# Action item:
Could you retype exactly the lines below between the one holding "yoga teacher training" and the one holding "map of restaurants, bars, coffee", inclusive, leaving out any pictures?

# Stored dataset items:
*** Block opens ***
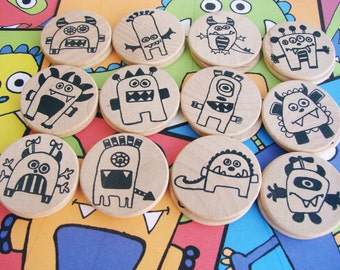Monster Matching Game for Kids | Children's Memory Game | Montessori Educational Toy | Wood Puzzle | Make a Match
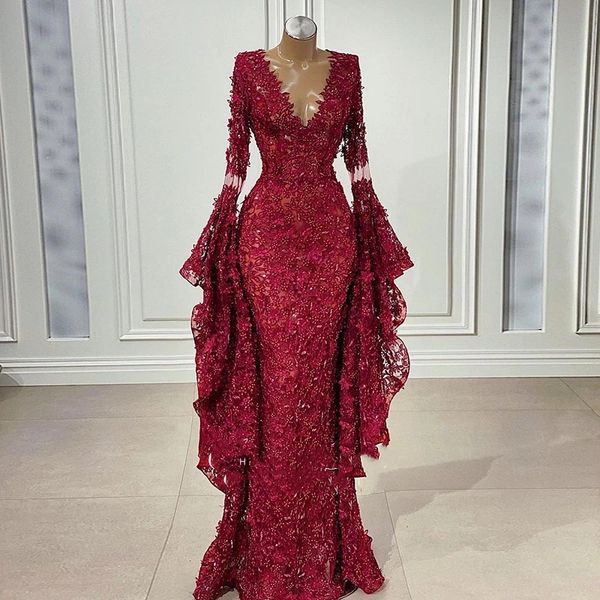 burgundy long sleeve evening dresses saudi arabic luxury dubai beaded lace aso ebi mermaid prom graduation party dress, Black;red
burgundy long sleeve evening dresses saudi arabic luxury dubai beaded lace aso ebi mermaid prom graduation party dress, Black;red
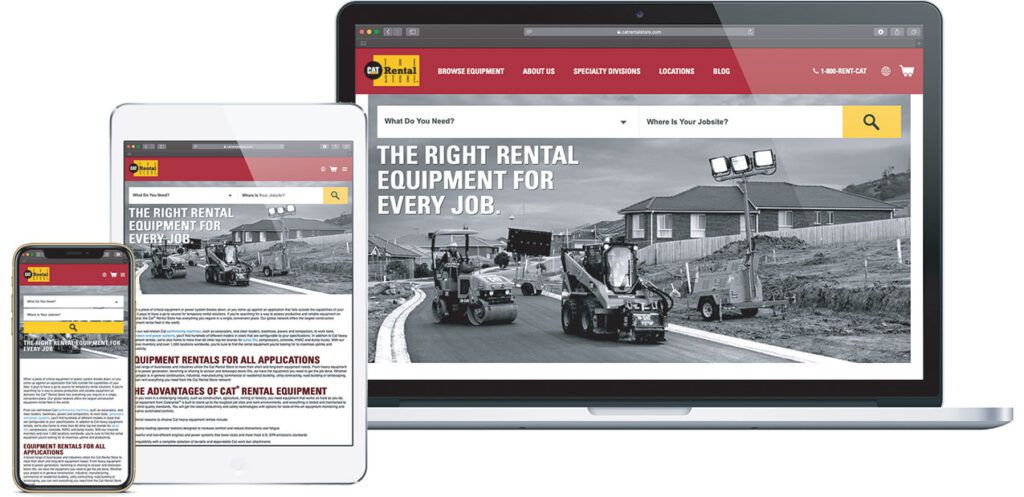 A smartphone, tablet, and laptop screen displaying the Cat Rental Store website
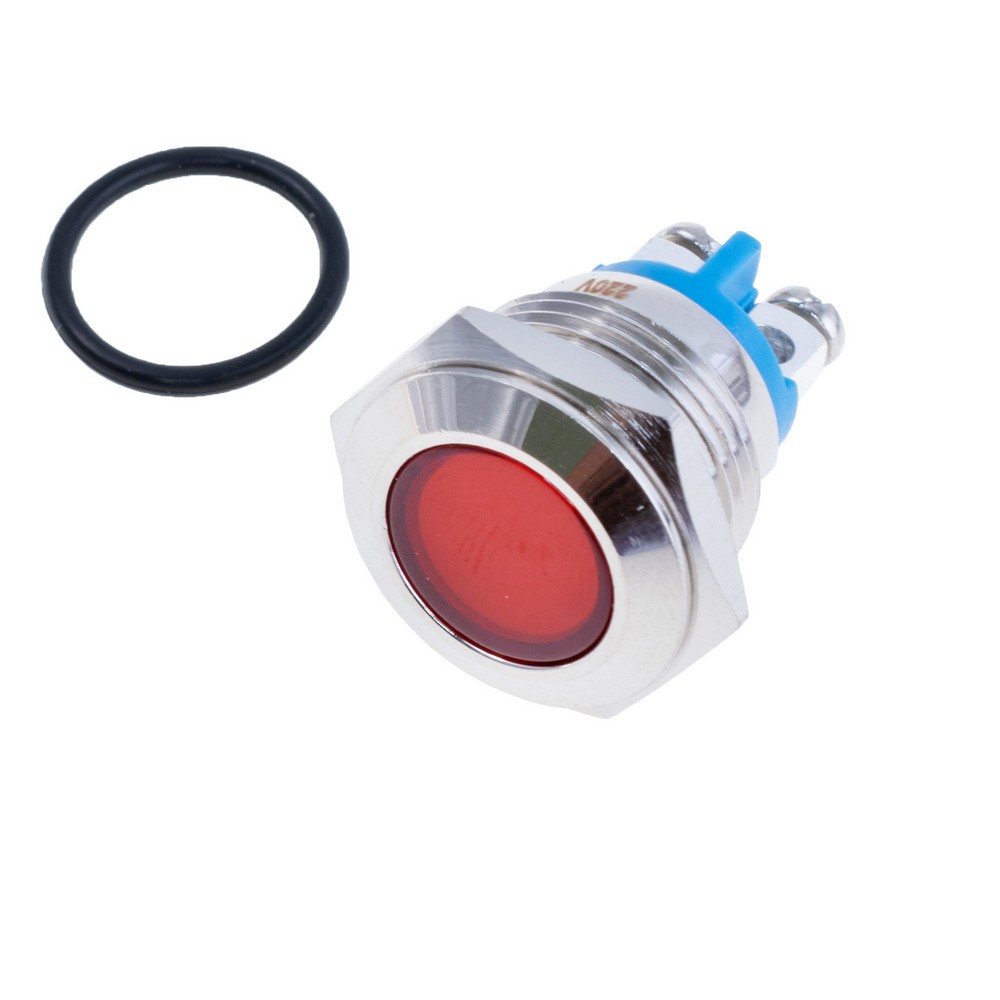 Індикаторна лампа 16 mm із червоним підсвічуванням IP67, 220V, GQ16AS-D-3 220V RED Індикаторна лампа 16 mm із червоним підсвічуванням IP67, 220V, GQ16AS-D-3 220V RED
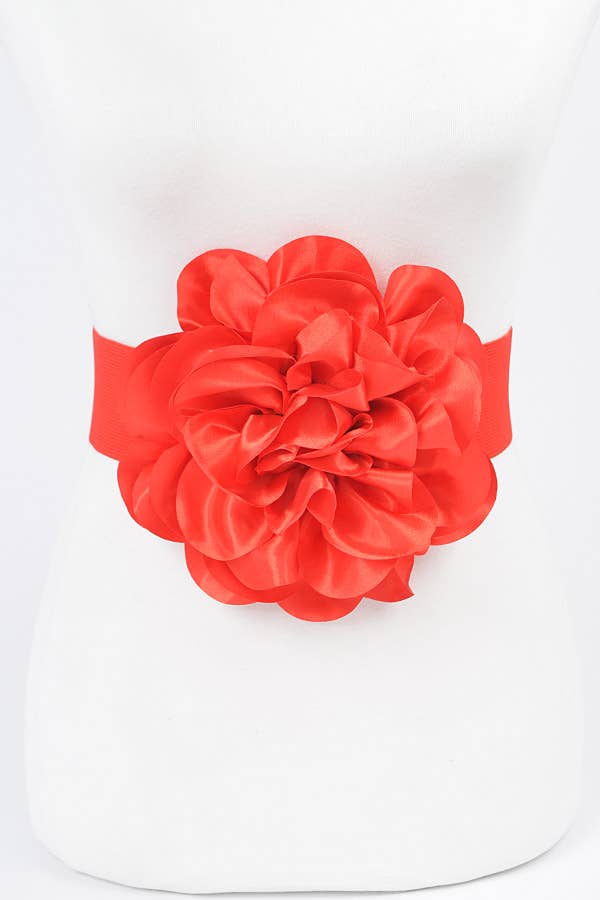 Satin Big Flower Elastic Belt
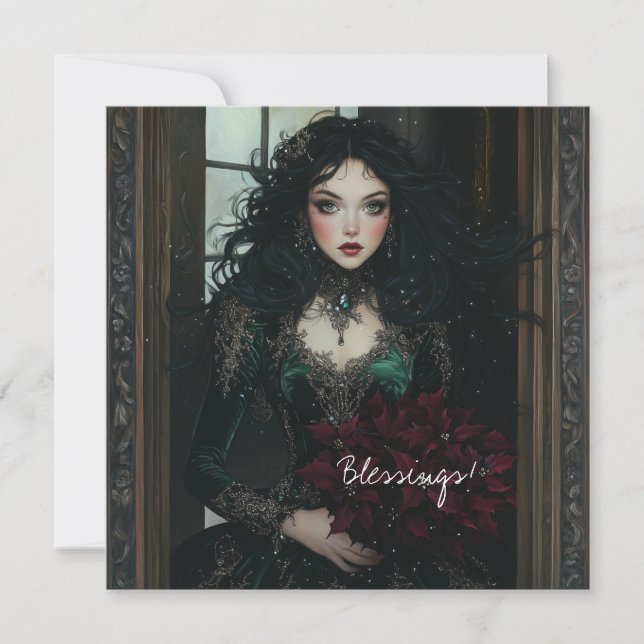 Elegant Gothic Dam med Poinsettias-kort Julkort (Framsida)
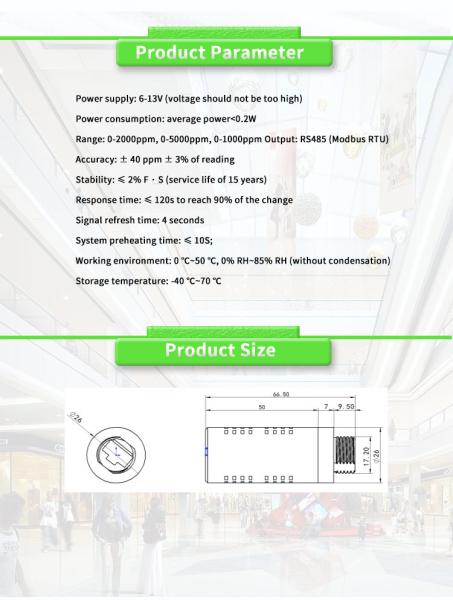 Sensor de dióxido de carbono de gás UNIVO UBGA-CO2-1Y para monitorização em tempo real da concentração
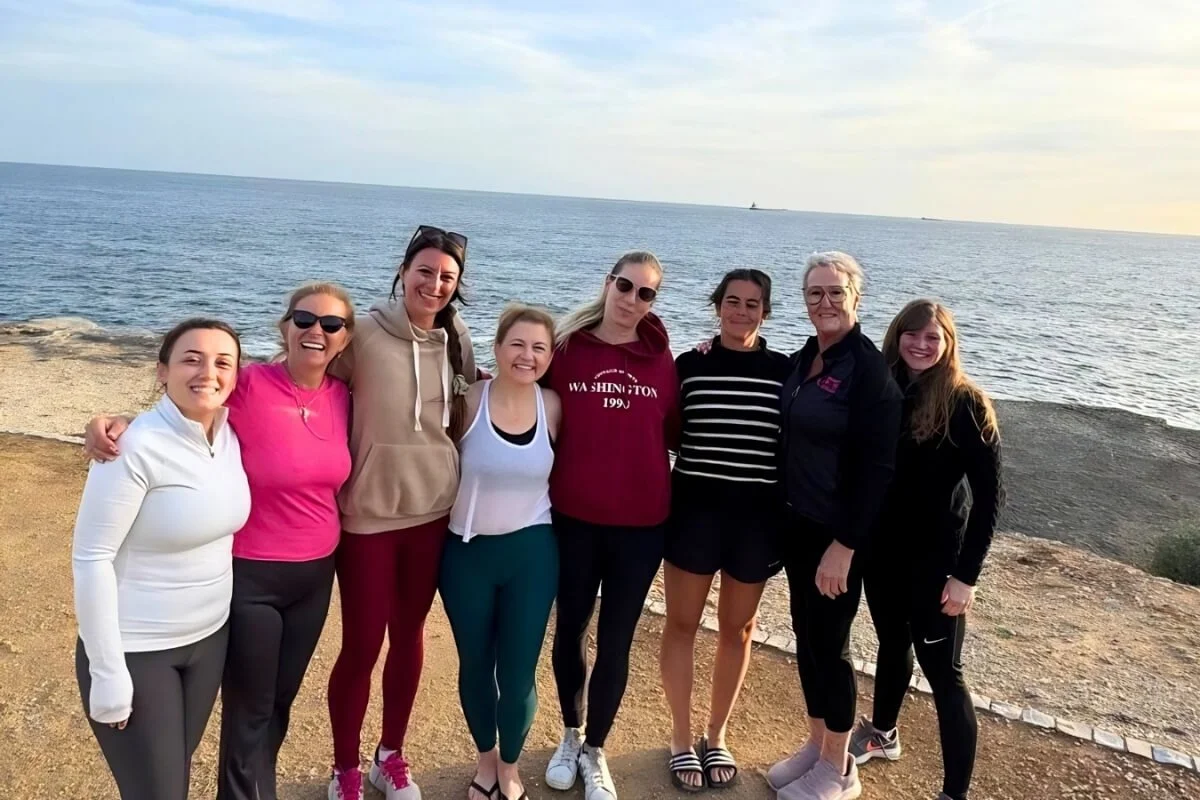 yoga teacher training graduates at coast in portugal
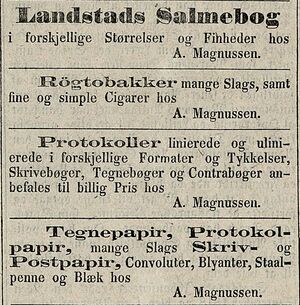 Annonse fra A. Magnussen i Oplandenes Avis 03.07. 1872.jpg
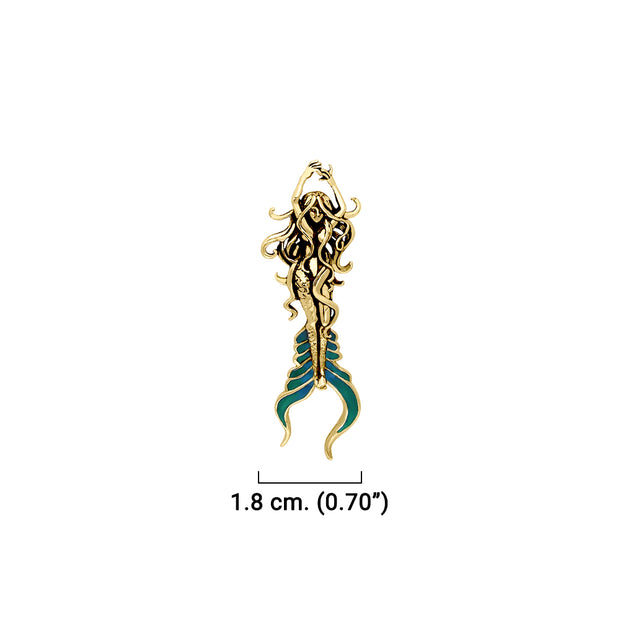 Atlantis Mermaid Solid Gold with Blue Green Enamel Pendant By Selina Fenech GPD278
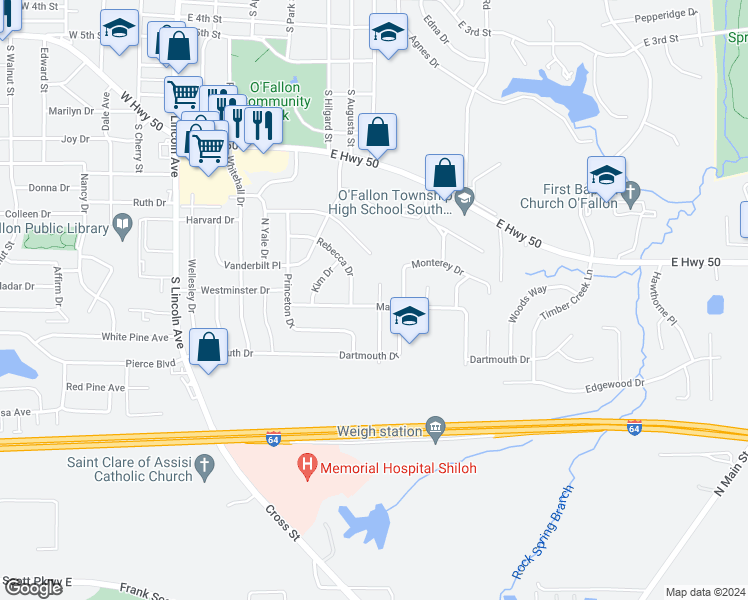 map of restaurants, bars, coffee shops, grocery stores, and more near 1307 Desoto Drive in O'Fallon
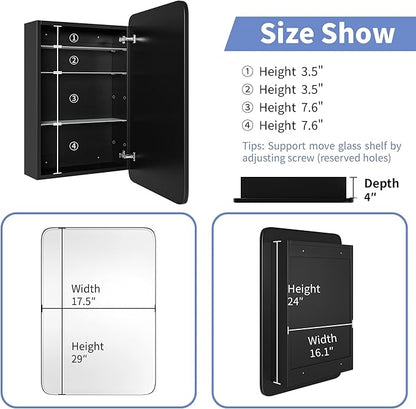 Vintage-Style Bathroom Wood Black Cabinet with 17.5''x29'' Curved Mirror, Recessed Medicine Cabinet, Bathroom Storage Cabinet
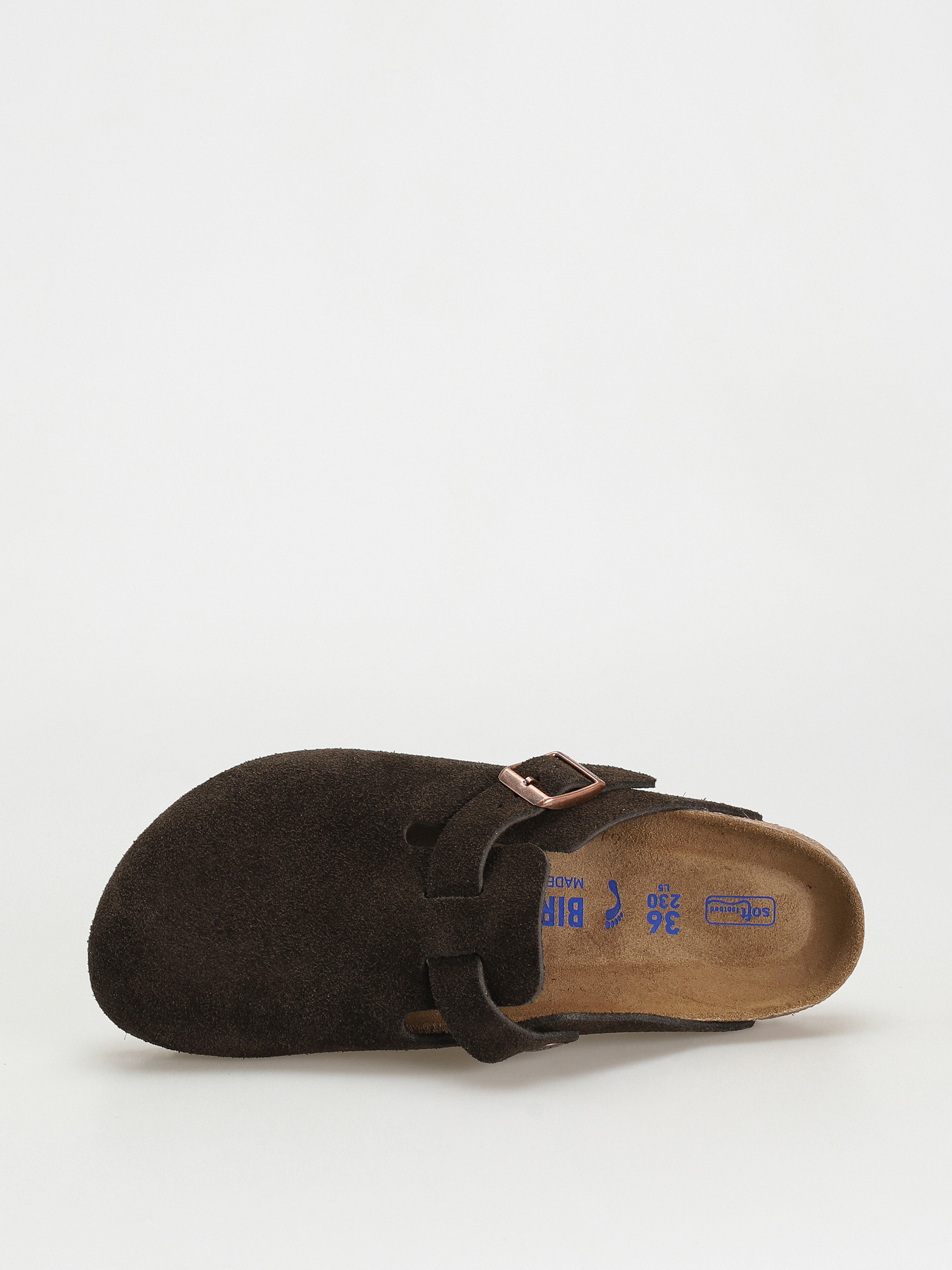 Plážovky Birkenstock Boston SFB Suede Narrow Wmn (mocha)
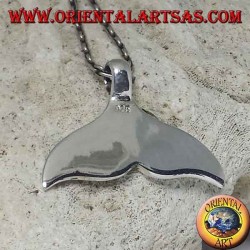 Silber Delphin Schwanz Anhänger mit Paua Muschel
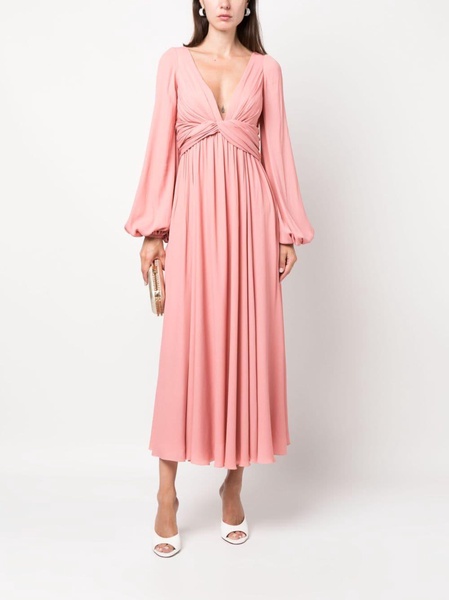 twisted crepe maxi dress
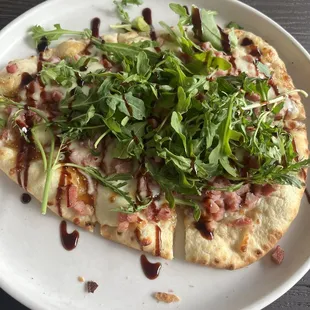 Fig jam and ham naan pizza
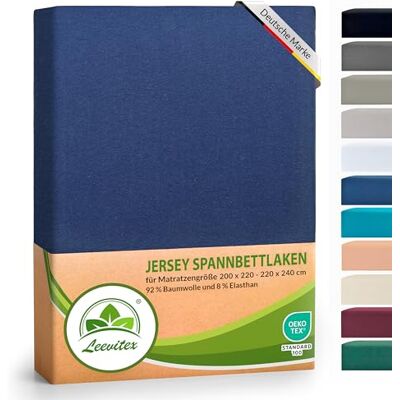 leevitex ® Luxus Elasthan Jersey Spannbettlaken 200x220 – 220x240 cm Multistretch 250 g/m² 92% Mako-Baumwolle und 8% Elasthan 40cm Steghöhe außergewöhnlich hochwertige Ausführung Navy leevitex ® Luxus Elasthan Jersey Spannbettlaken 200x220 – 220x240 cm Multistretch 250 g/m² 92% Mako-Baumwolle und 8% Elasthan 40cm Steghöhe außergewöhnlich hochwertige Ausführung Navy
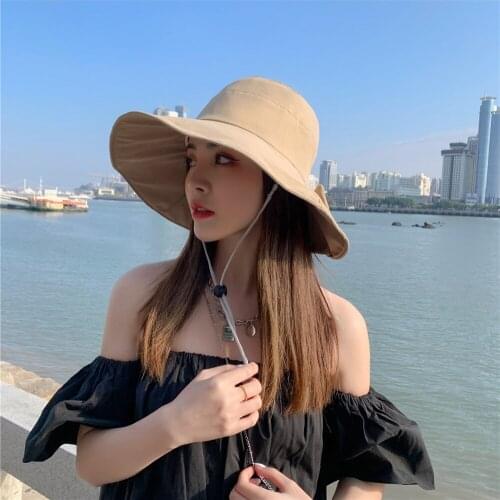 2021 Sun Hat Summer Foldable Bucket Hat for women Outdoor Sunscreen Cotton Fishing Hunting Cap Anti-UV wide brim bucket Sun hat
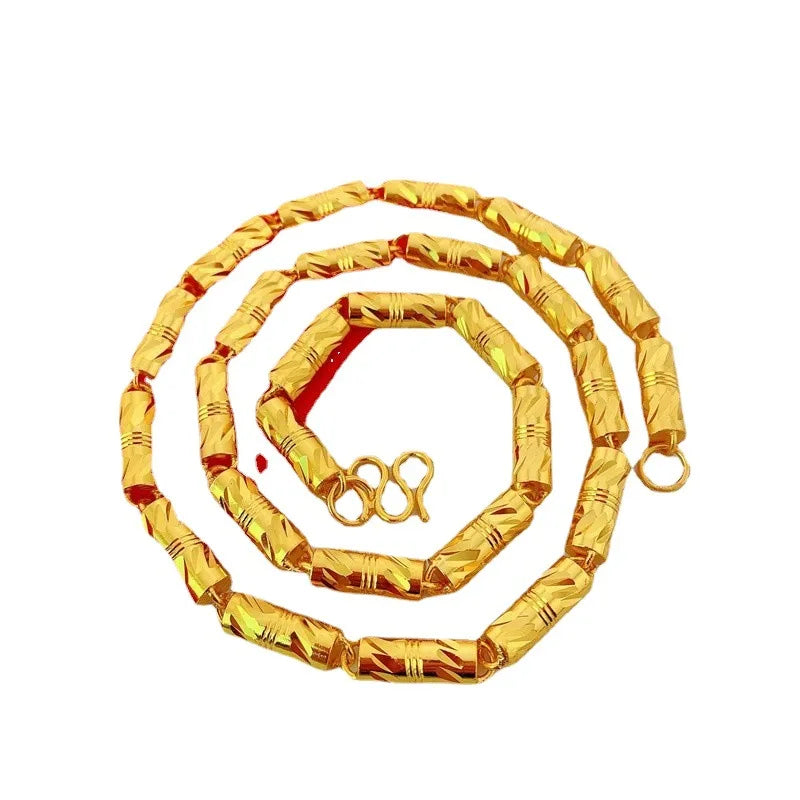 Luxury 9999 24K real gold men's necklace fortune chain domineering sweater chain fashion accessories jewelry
*** Block closes ***
# Your solution:
 yoga teacher training graduates at coast in portugal
 Annonse fra A. Magnussen i Oplandenes Avis 03.07. 1872.jpg
 Atlantis Mermaid Solid Gold with Blue Green Enamel Pendant By Selina Fenech GPD278
 map of restaurants, bars, coffee shops, grocery stores, and more near 1307 Desoto Drive in O'Fallon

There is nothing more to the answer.